[THE TASK] All that is wanted is the line with "2015 Chevrolet Impala" and each line after it to the end of the data below, set down exactly and without pictures.

[SUPPLIED ENTRIES]
___

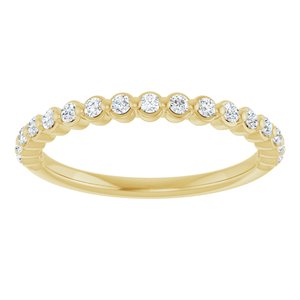 14K Yellow 1/4 CTW Natural Diamond Anniversary Band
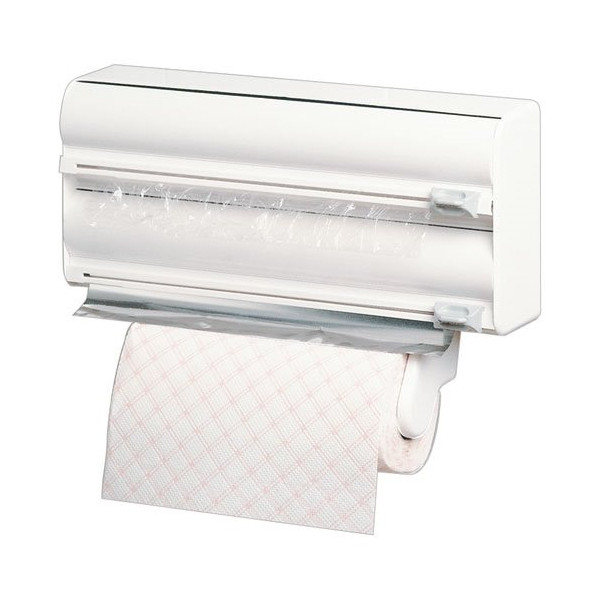 RAYEN - Distributeur triple rouleaux - blanc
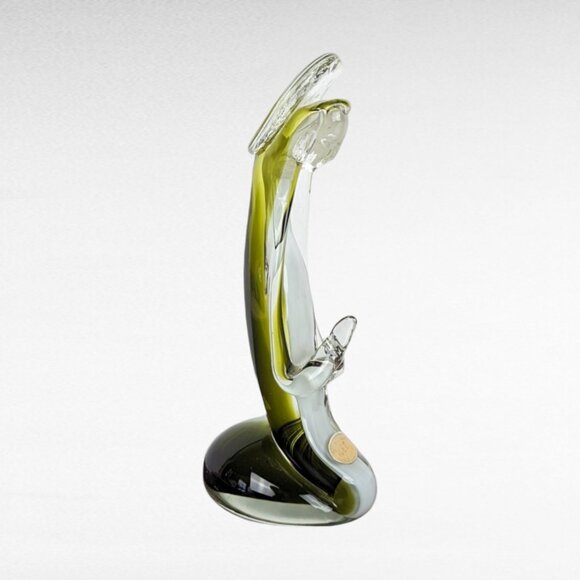 Icet Venezuela Murano Glass Green Praying Figurine - Picture 1 of 6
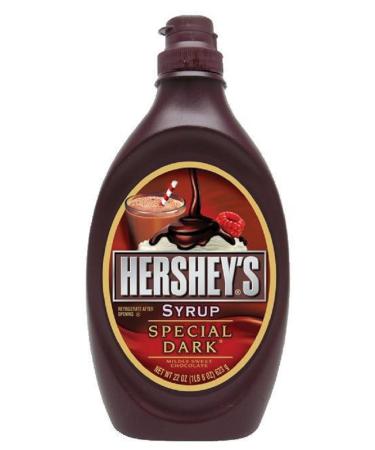 HERSHEY'S Chocolate Syrup, Special Dark, 22 Ounce (Pack of 6) Special Dark Chocolate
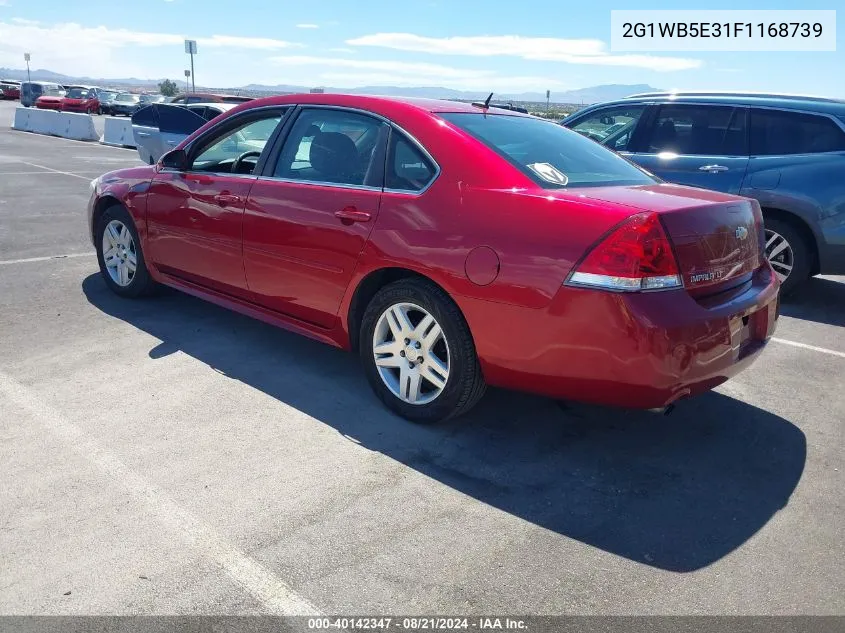 2015 Chevrolet Impala Limited Lt VIN: 2G1WB5E31F1168739 Lot: 40142347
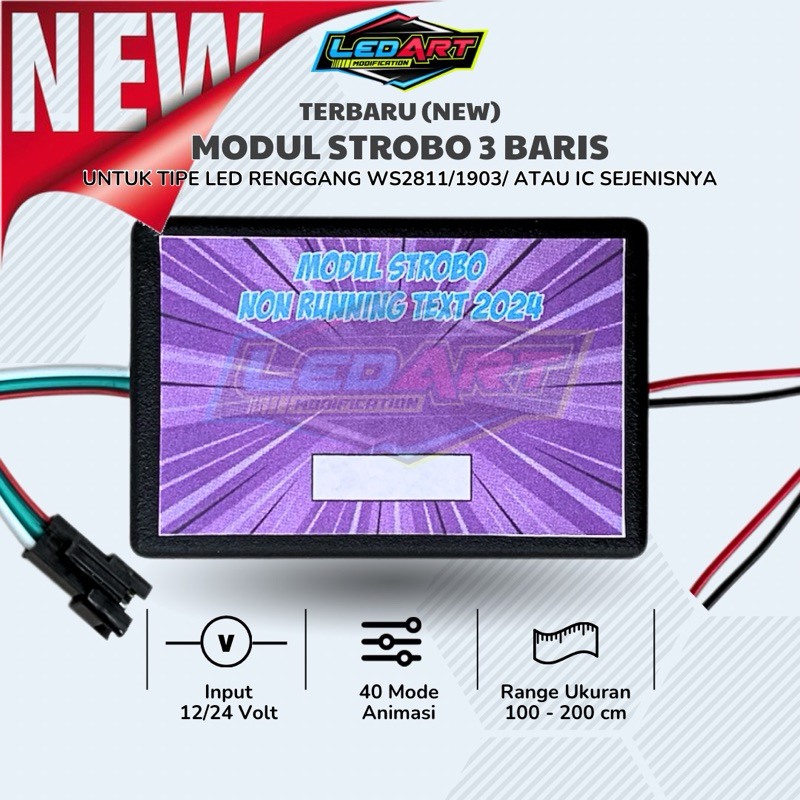 Jual MODUL STROBO 3 BARIS NON RUNNING TEXT | Shopee Indonesia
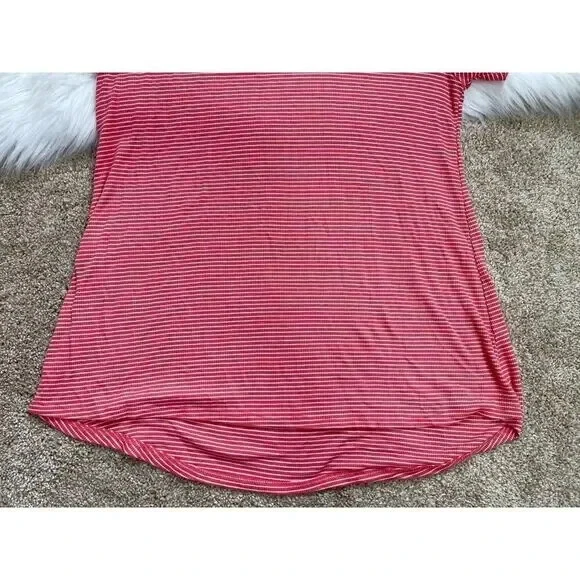 Camiseta para mujer LuLaRoe talla XS manga corta cuello redondo rayas blancas Foto 3 de 4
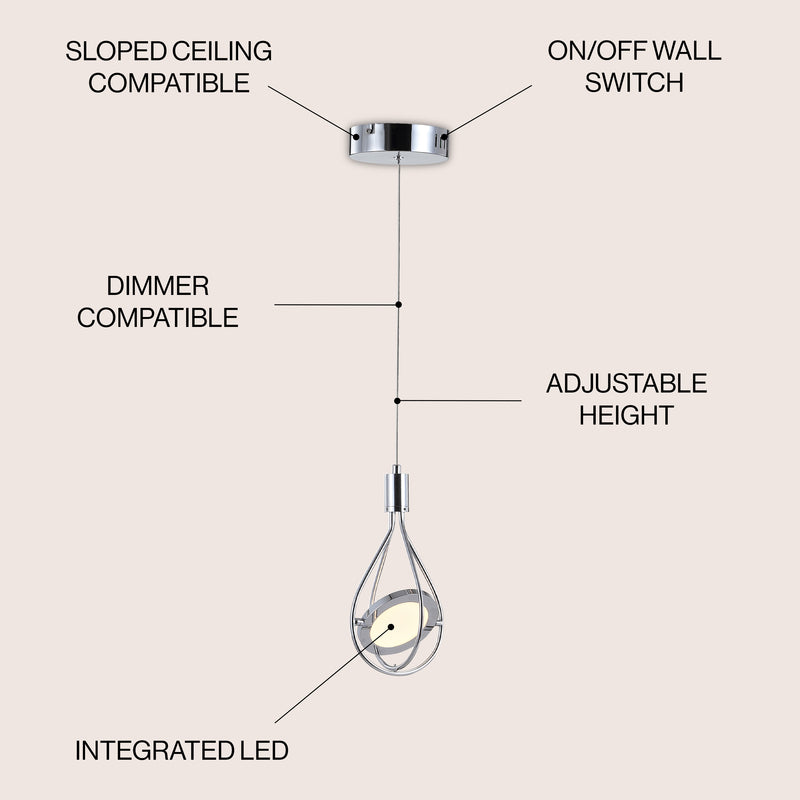 Orion Adjustable Modern Integrated Cluster LED Metal Pendant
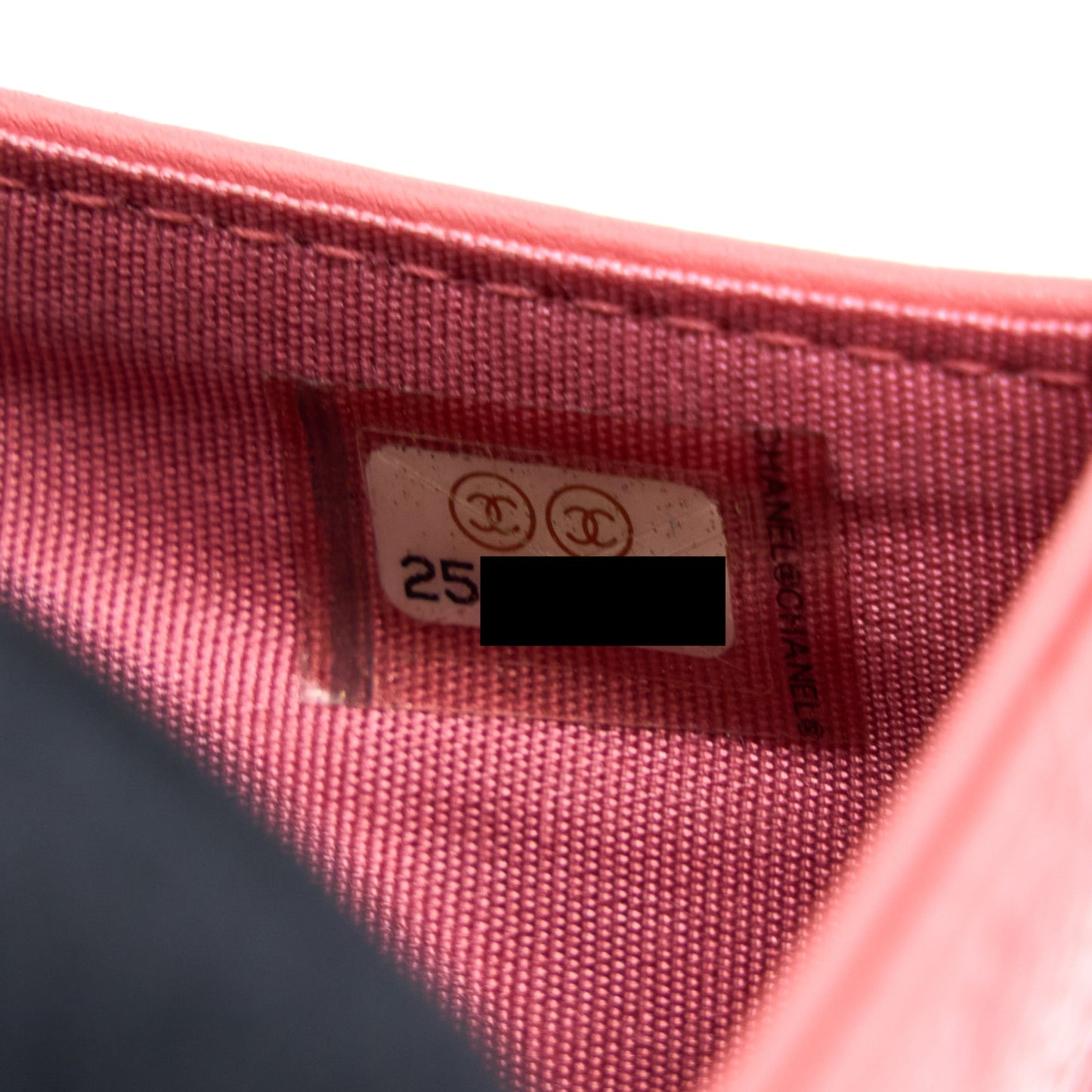 Chanel Flap Wallet Caviar Rose Pink L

___

[TASK RESULT]
 2015 Chevrolet Impala Limited Lt VIN: 2G1WB5E31F1168739 Lot: 40142347
 Jual MODUL STROBO 3 BARIS NON RUNNING TEXT | Shopee Indonesia
 Camiseta para mujer LuLaRoe talla XS manga corta cuello redondo rayas blancas Foto 3 de 4
 Orion Adjustable Modern Integrated Cluster LED Metal Pendant
 Chanel Flap Wallet Caviar Rose Pink L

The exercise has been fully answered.